Rare causes of paediatric primary adrenal insufficiency characterised

medwireNews: Italian researchers report presenting characteristics and outcomes for children with primary adrenal insufficiency (PAI) not caused by 21-hydroxylase deficiency (OHD) congenital adrenal hyperplasia (CAH).

The team identified 803 children diagnosed with PAI in eight Italian centres over the previous 20 years, the majority (85%) of whom had 21-OHD CAH and were not assessed further for this study.

For the remaining 121 children, the most common cause of PAI was a rare inherited condition, accounting for 73.5% of these cases.

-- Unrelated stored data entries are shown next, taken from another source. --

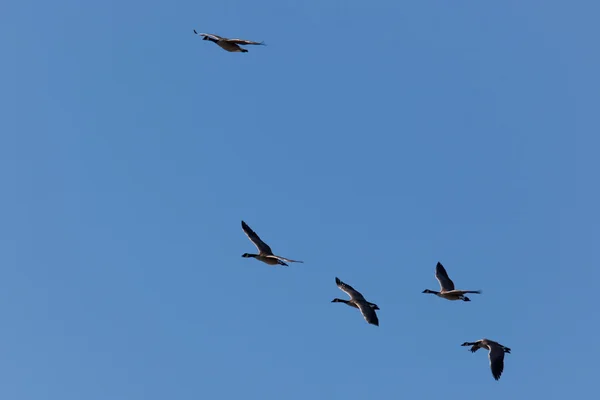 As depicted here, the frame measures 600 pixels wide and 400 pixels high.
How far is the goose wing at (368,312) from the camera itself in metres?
55.8

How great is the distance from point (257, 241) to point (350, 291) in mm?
5450

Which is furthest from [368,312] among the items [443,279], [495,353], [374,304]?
[443,279]

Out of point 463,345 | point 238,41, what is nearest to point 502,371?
point 463,345

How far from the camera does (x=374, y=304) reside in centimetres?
5791

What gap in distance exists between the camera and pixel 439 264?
6306 cm

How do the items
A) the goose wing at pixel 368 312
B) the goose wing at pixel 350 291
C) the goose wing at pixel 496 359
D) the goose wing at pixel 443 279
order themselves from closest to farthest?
the goose wing at pixel 496 359
the goose wing at pixel 368 312
the goose wing at pixel 350 291
the goose wing at pixel 443 279

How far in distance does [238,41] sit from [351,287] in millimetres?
13354

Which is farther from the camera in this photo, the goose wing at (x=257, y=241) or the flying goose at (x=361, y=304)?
the goose wing at (x=257, y=241)

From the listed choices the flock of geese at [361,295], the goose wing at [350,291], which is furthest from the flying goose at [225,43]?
the goose wing at [350,291]

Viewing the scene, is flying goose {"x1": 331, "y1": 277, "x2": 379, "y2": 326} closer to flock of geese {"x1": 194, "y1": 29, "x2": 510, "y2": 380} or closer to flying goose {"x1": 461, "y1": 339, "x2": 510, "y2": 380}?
flock of geese {"x1": 194, "y1": 29, "x2": 510, "y2": 380}

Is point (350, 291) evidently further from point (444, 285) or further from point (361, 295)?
point (444, 285)

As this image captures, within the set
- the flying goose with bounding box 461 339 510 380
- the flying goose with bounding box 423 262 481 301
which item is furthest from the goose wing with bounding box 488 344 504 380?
the flying goose with bounding box 423 262 481 301

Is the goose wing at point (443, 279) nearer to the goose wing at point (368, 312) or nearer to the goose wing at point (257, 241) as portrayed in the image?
the goose wing at point (368, 312)

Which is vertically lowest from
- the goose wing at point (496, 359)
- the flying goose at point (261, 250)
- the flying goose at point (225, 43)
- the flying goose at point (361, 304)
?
the goose wing at point (496, 359) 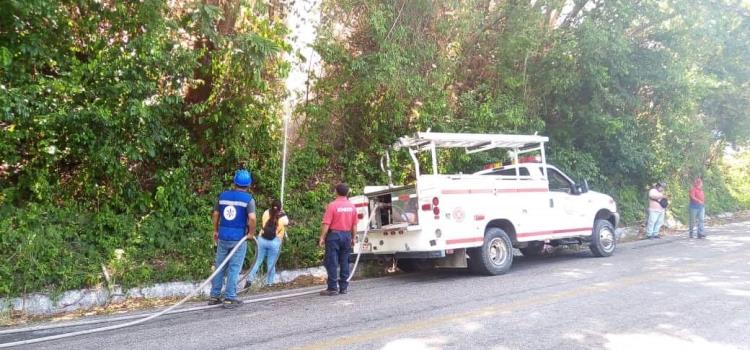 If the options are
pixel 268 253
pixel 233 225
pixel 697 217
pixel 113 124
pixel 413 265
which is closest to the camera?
pixel 233 225

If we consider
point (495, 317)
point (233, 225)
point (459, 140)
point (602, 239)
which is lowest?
point (495, 317)

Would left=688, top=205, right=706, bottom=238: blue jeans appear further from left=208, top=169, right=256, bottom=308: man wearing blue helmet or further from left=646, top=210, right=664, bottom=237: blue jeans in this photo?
left=208, top=169, right=256, bottom=308: man wearing blue helmet

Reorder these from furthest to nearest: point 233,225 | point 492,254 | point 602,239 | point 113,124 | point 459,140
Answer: point 602,239, point 459,140, point 492,254, point 113,124, point 233,225

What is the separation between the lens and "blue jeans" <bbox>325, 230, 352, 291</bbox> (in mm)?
8070

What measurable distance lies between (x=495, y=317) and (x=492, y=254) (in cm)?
349

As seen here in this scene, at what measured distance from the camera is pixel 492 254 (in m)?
9.31

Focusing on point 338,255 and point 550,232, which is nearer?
point 338,255

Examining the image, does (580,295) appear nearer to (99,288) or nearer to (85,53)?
(99,288)

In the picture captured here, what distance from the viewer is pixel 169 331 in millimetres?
5910

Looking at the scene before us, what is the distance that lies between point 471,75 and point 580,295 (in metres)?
9.05

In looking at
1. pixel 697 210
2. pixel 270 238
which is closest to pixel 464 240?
pixel 270 238

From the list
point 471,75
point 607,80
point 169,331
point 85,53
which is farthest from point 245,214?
point 607,80

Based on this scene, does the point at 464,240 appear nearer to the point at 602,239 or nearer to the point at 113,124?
the point at 602,239

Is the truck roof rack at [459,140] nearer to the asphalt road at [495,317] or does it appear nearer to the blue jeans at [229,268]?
the asphalt road at [495,317] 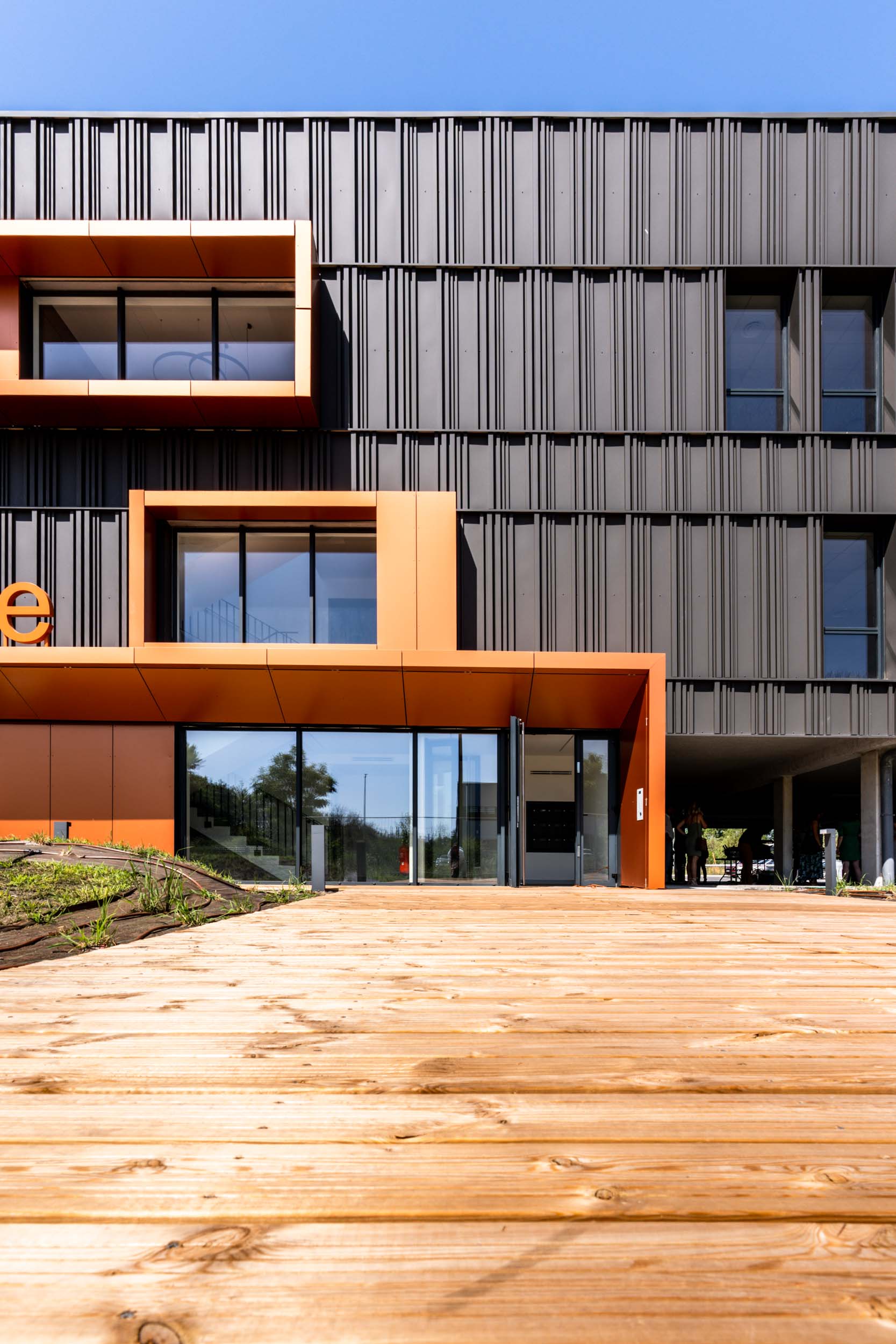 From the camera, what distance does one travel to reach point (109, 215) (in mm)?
15492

The most frequent of these were X-linked adrenoleukodystrophy (X-ALD) in 25 boys, autoimmune polyglandular syndrome type 1 (APS-1) in 25 children (nine boys) and adrenal hypoplasia congenital (AHC) caused by mutations in NR0B1 in 16 boys.

In addition, 10 children (eight boys) had other forms of CAH, most commonly 3β-hydroxysteroid dehydrogenase or 11-hydroxylase deficiency.

Five children (three boys) had familial glucocorticoid deficiency (FGD), most often due to an MC2R gene mutation, and for the remaining eight children, PAI was a component of a rare syndrome – Allgrove syndrome for seven children (five boys) and Pearson syndrome for one girl.

The second most common category was autoimmune PAI, which was diagnosed in 20 children, to account for 16.5% of the 121 cases. Twelve of these children had isolated autoimmune PAI and eight had it in the setting of APS-2.

A further three children had acquired forms of PAI, while the aetiology was not determined in the other nine.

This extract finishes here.